Using the exclude expression
Another handy trick is to use the exclude expression. With this, we can select all columns except columns of certain datatypes. For example:
df.select(
[
pl.exclude(pl.Utf8).max().suffix("_max"),
pl.exclude([pl.Utf8, pl.Boolean]).min().suffix("_min"),
]
).collect()
shape: (1, 7)
┌─────────────┬───────────────┬─────────────────────┬──────────────┬─────────────┬───────────────┬─────────────────────┐
│ col_int_max ┆ col_float_max ┆ col_date_max ┆ col_bool_max ┆ col_int_min ┆ col_float_min ┆ col_date_min │
│ --- ┆ --- ┆ --- ┆ --- ┆ --- ┆ --- ┆ --- │
│ i64 ┆ f64 ┆ datetime[ns] ┆ u32 ┆ i64 ┆ f64 ┆ datetime[ns] │
╞═════════════╪═══════════════╪═════════════════════╪══════════════╪═════════════╪═══════════════╪═════════════════════╡
│ 2 ┆ 20.0 ┆ 2020-05-01 00:00:00 ┆ 1 ┆ -2 ┆ -20.0 ┆ 2020-01-01 00:00:00 │
└─────────────┴───────────────┴─────────────────────┴──────────────┴─────────────┴───────────────┴─────────────────────┘
Unique counts
One caution: unique_counts results in Series of varying lengths.
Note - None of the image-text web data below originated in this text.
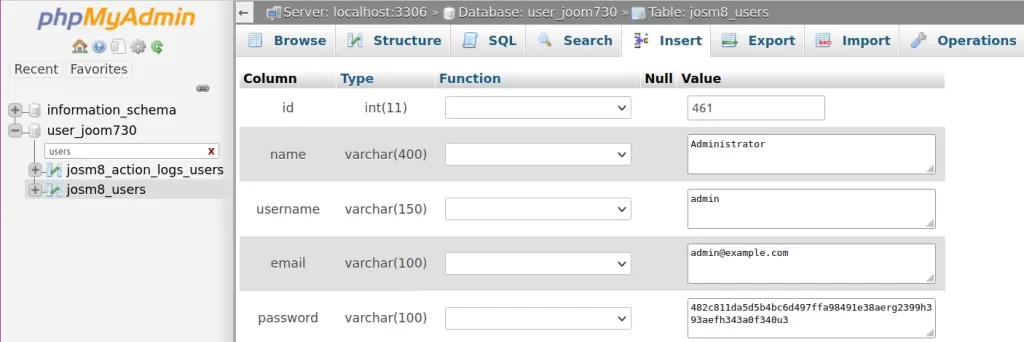 Change Joomla Password in phpMyAdmin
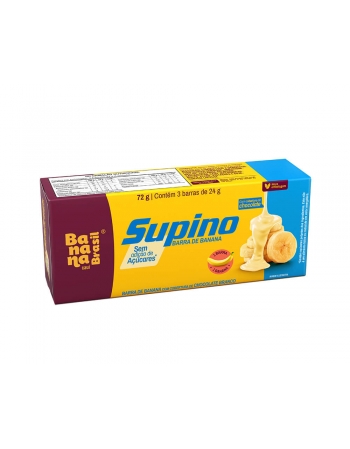 Barra De Frutas Supino Chocolate Branco Zero - Banana Brasil - 3x24g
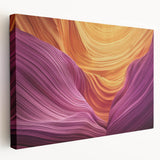 Vibrant landscape canvas print showcasing majestic canyons in warm earth tones, elegantly stretched for wall display, perfect for enhancing modern home decor.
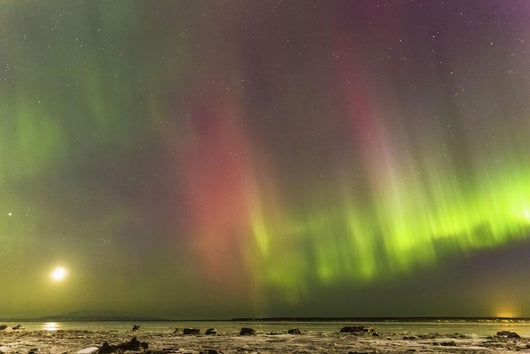 Northern Lights and moon Wall Mural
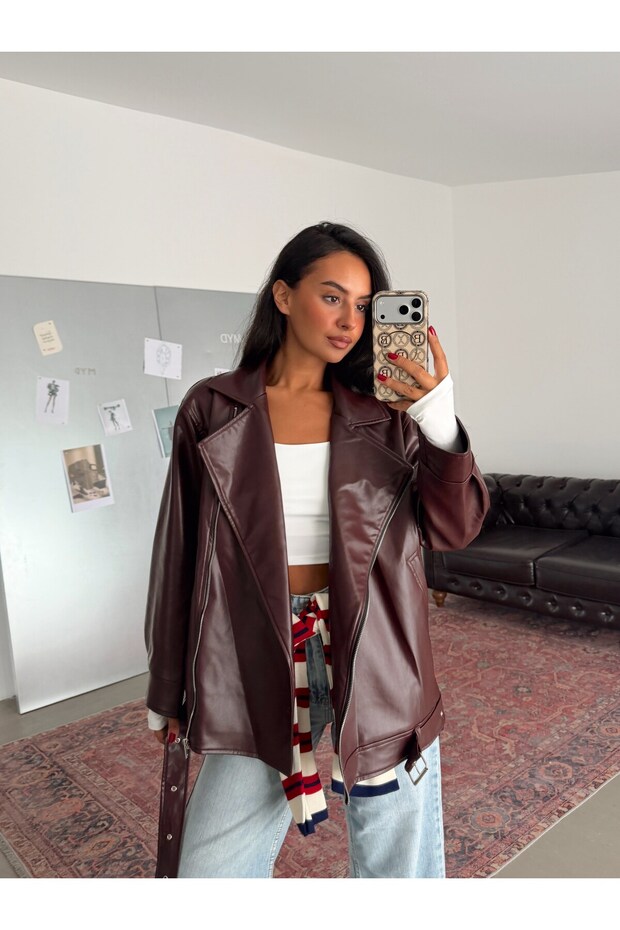 Belted Oversize Leather Jacket - Claret Red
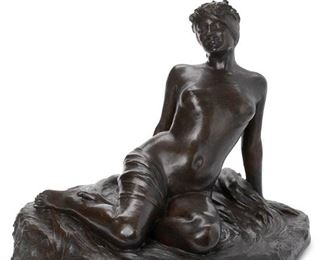 3234
Albert Bartholomé
1848-1928, French
Au Bord De L'eau (Nude Reclining By A Stream)
Patinated bronze <br />
Signed: Bartholomé; stamped: CIRE PERDUE A.A. HEBRARD
18.5" H x 22" W x 18" D
Estimate: $3,000 - $5,000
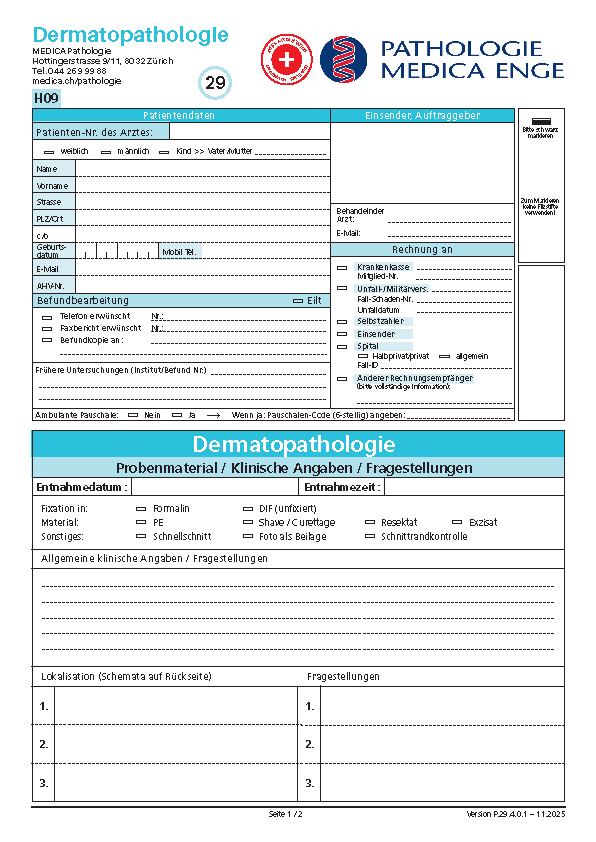 Auftragsformular Dermatopathologie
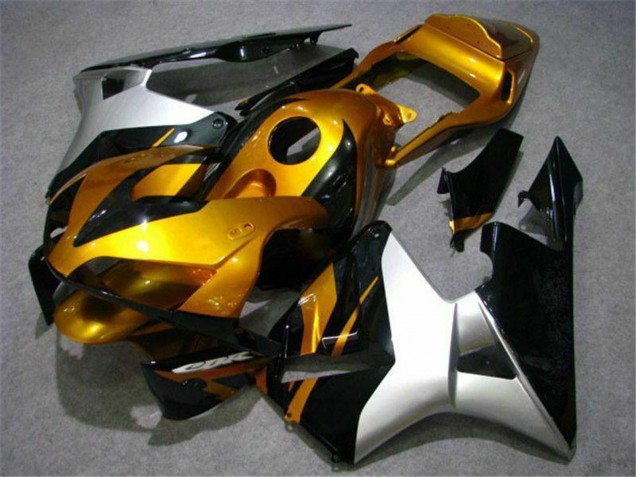 Billige Honda CBR600RR Motorrad Verkleidung 2003-2004 - Silber Gold Glanzendes Schwarz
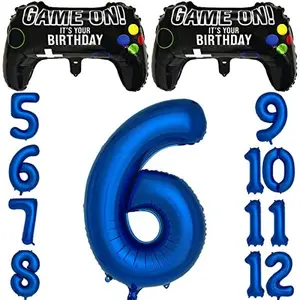 Navy Blue Video Game Party Supplies Boys 6th Birthday Party Decorations- 2 Packs Game On Balloons with Dark Blue Number 6 Balloon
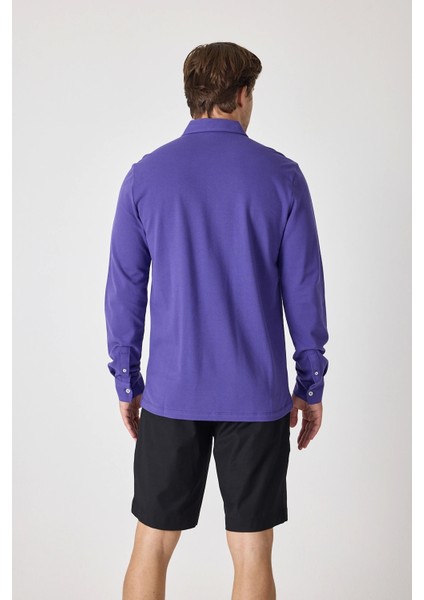 Erkek Uzun Kollu Polo Yaka Comfort Sweatshirt - Mor fırsatları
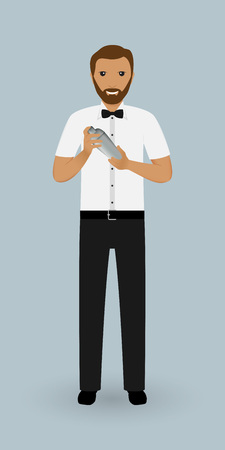 Young barman making a cocktail in shaker. Bartender character isolated on a light background. Restaurant staff. Vector illustration.のイラスト素材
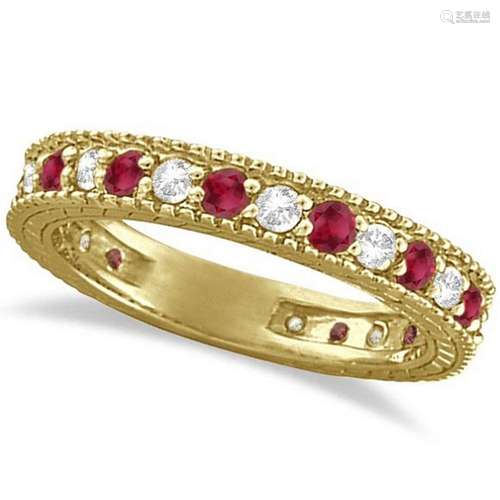 Diamond and Ruby Anniversary Ring Band 14k Yellow Gold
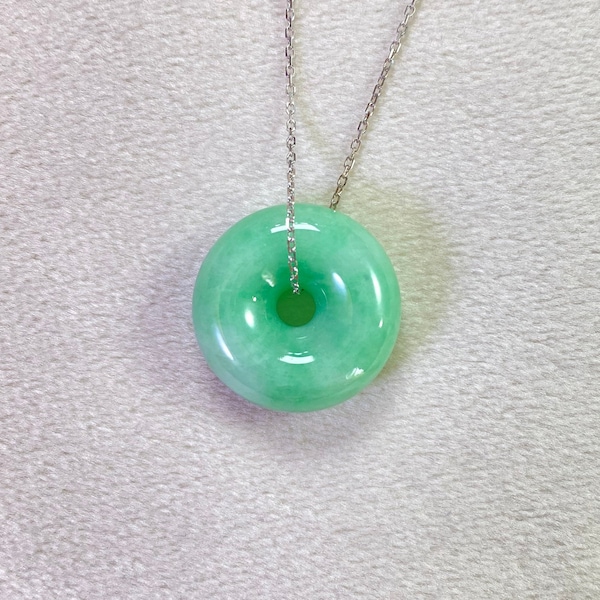 Green Donut Jade Pendant, Donut Jadeite Necklace, Round Real Jadeite, Circle Jade Jewelry, Gift for Her, Exquisite Jade Necklace, Cute Jade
df.select(pl.col("col_int").unique_counts().prefix(
"__unique_count_")).collect()
shape: (3, 1)
┌────────────────────────┐
│ __unique_count_col_int │
│ --- │
│ u32 │
╞════════════════════════╡
│ 2 │
├╌╌╌╌╌╌╌╌╌╌╌╌╌╌╌╌╌╌╌╌╌╌╌╌┤
│ 1 │
├╌╌╌╌╌╌╌╌╌╌╌╌╌╌╌╌╌╌╌╌╌╌╌╌┤
│ 2 │
└────────────────────────┘
df.select(pl.col("col_float").unique_counts().prefix(
"__unique_count_")).collect()
shape: (4, 1)
┌──────────────────────────┐
│ __unique_count_col_float │
│ --- │
│ u32 │
╞══════════════════════════╡
│ 1 │
├╌╌╌╌╌╌╌╌╌╌╌╌╌╌╌╌╌╌╌╌╌╌╌╌╌╌┤
│ 1 │
├╌╌╌╌╌╌╌╌╌╌╌╌╌╌╌╌╌╌╌╌╌╌╌╌╌╌┤
│ 1 │
├╌╌╌╌╌╌╌╌╌╌╌╌╌╌╌╌╌╌╌╌╌╌╌╌╌╌┤
│ 2 │
└──────────────────────────┘
As such, these should not be combined into the same results. Each column/Series of a DataFrame must have the same length.